### What you need to do
Repeat exactly the lines running from the first line of the data to the line containing "Брелок-рулетка Автомобиль с", both ends included, and nothing else; drop the pictures.

== Segment start ==

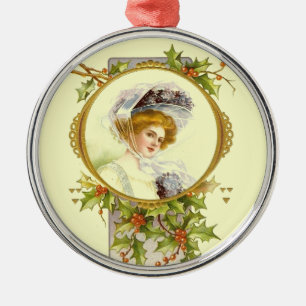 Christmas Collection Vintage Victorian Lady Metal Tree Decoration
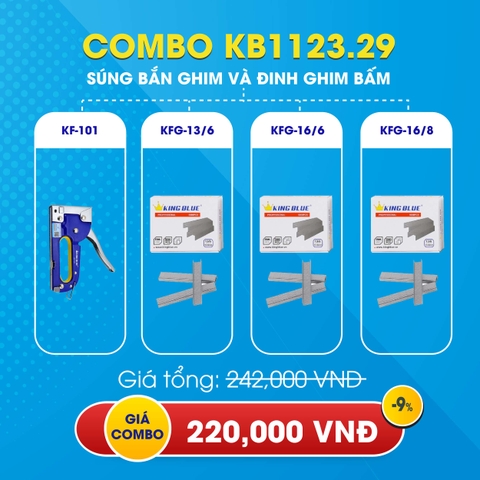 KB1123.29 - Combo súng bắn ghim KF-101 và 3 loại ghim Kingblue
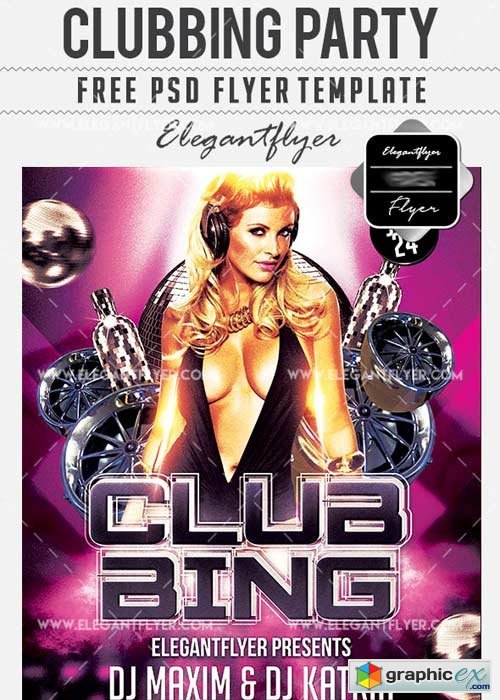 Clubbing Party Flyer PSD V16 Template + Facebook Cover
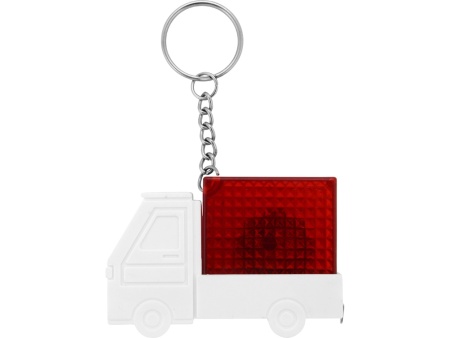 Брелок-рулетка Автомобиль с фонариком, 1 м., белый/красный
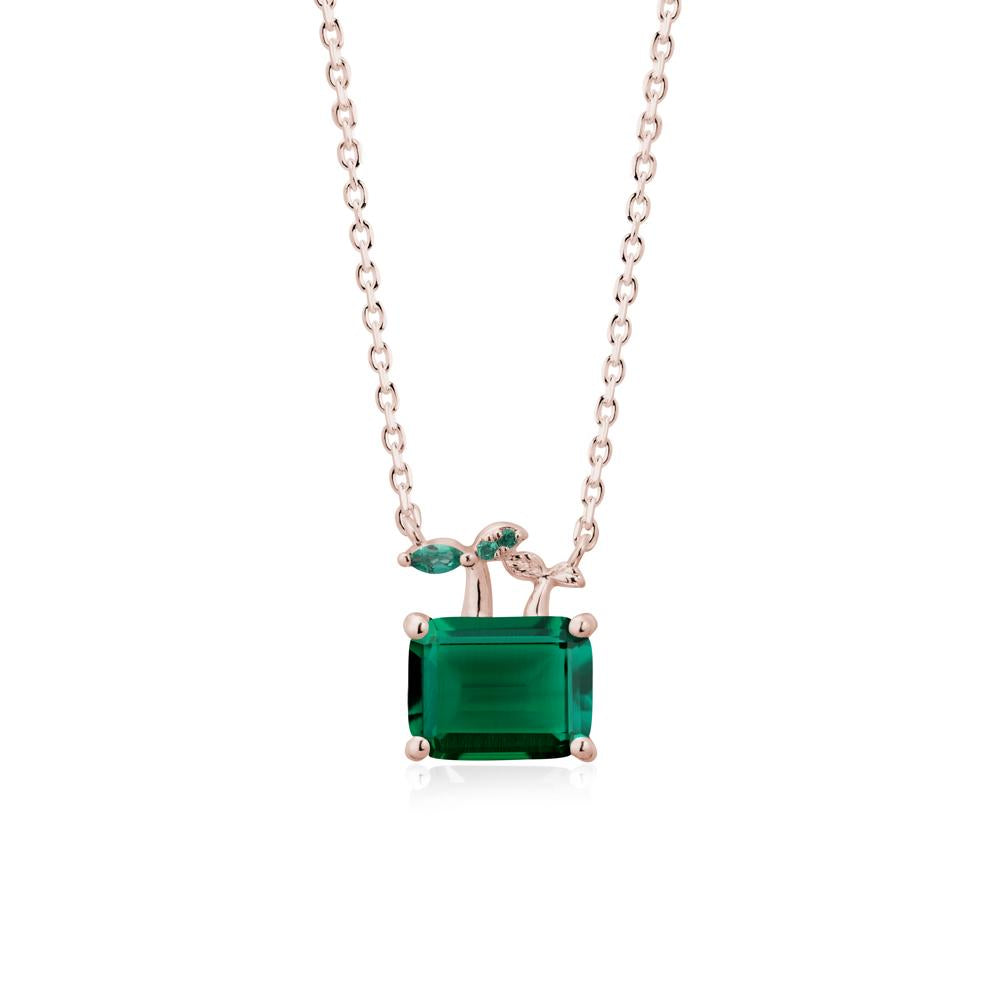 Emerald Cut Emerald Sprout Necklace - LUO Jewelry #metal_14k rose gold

== Segment end ==

### Solution
 Christmas Collection Vintage Victorian Lady Metal Tree Decoration
 KB1123.29 - Combo súng bắn ghim KF-101 và 3 loại ghim Kingblue
 Clubbing Party Flyer PSD V16 Template + Facebook Cover
 Брелок-рулетка Автомобиль с фонариком, 1 м., белый/красный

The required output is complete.